The second form of splintering would be to use the same protocols, but with different governing bodies.

If Russia, China, or other countries formed rivals to the bodies that manage the internet, it would be harder to put them back together. The politics of reconnection would be almost impossible because of vested interests.

The problem of connecting disparate networks into one global internet is often a political one, not a technical one.

There are steps short of a full splintering of the internet that could still have a significant effect on the functioning of the internet in a pariah state.

Some services have quasi-infrastructure type status because of the nature of the internet. Amazon Web Services runs so much of the back end of the internet that it can't be banned from certain areas. A lot of services would be temporarily disrupted by cutting off access to the repository.

Russia has been trying to make official and public sites use.ru and minimize the use of overseas service providers to mitigate the risk. During the panic of the week, some took this to be an instruction to all Russian websites, leading to alarmist articles suggesting that Russia planned to cut itself off from the internet entirely.

The internet has been mitigated by other countries and groups.
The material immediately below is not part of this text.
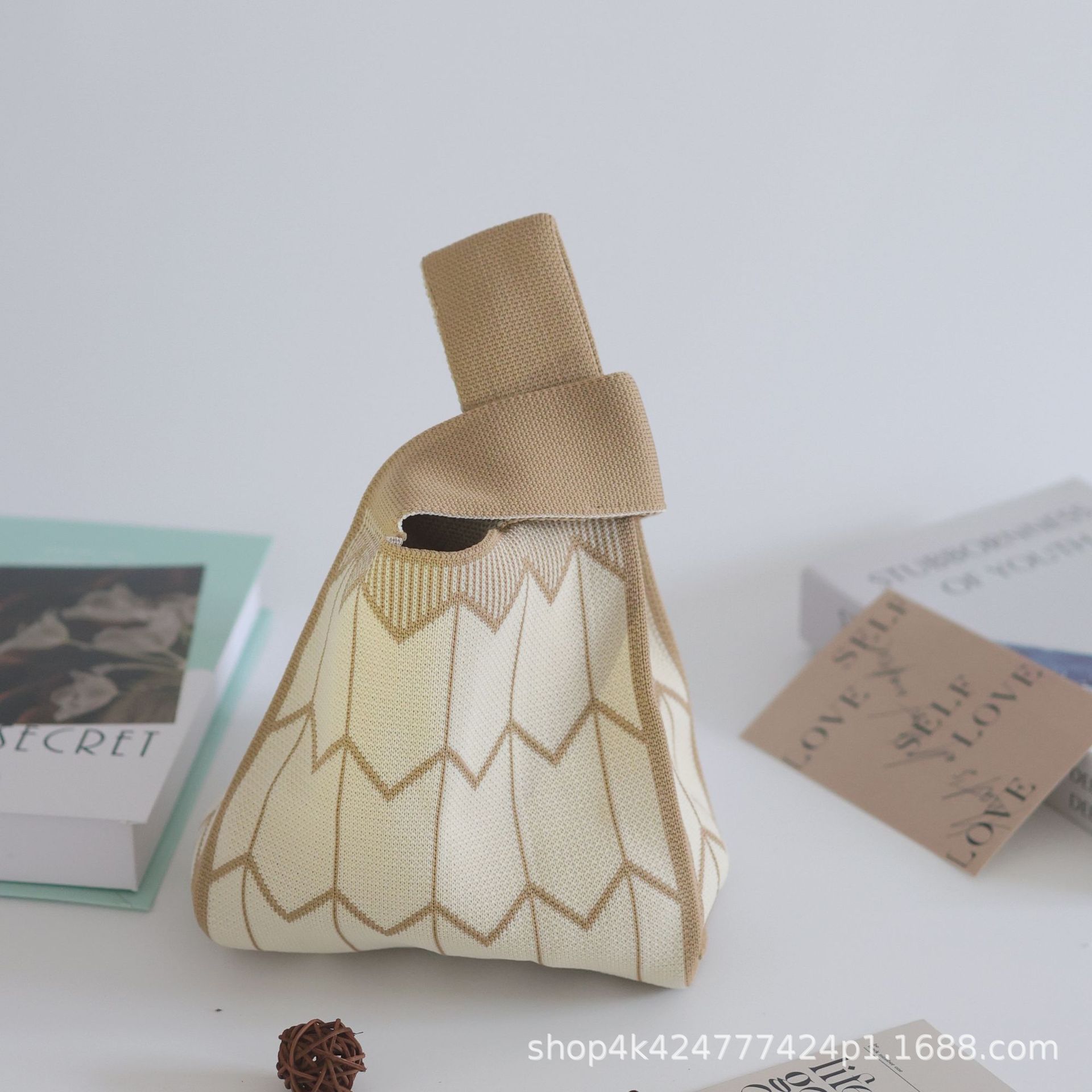 INS bolso de celebridad de Internet bolso de cubo de lana de punto para mujer bolso de mano casual bolso de mano de estilo japonés y coreano bolsa de Almuerzo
The EU wants to require all data to be processed within its borders, a move that US tech giants are fiercely resisting.

Iran has built up national connections between its key online institutions, which will allow it to operate a sort of Iran-only functional internet should it need to close itself off from the global network or if it got kicked off by an adversary.

China has a complex relationship with the internet. Almost all online services used by people within China are Chinese companies. The country has a huge and regular form of online censorship called the Great Firewall of China.

The relationship between GreatFire and the global internet has changed over time due to the fact that Charlie Smith is operating in China.

The service-level blocking was initially driven by pure censorship needs. There were gaps in the market that could be blamed on the government.

Even though these Chinese companies might not be well-established outside of China, they helped to fill those gaps and created companies that are as valuable as their Western counterparts.

Smith thinks that China could be cut off from the internet, but it's not in its interests to do so.

I think China could cut itself off from the global internet if there was a big enough domestic crisis. There is a Chinese diaspora in the world. Nobody wants their home connections to be cut off. Businesses will still sell their products overseas.

China is taking senior positions on the internet's various governing bodies, as befits a country with more than a billion internet users, and is trying for now to slowly bend the standards, rules, and protocols to suit itself.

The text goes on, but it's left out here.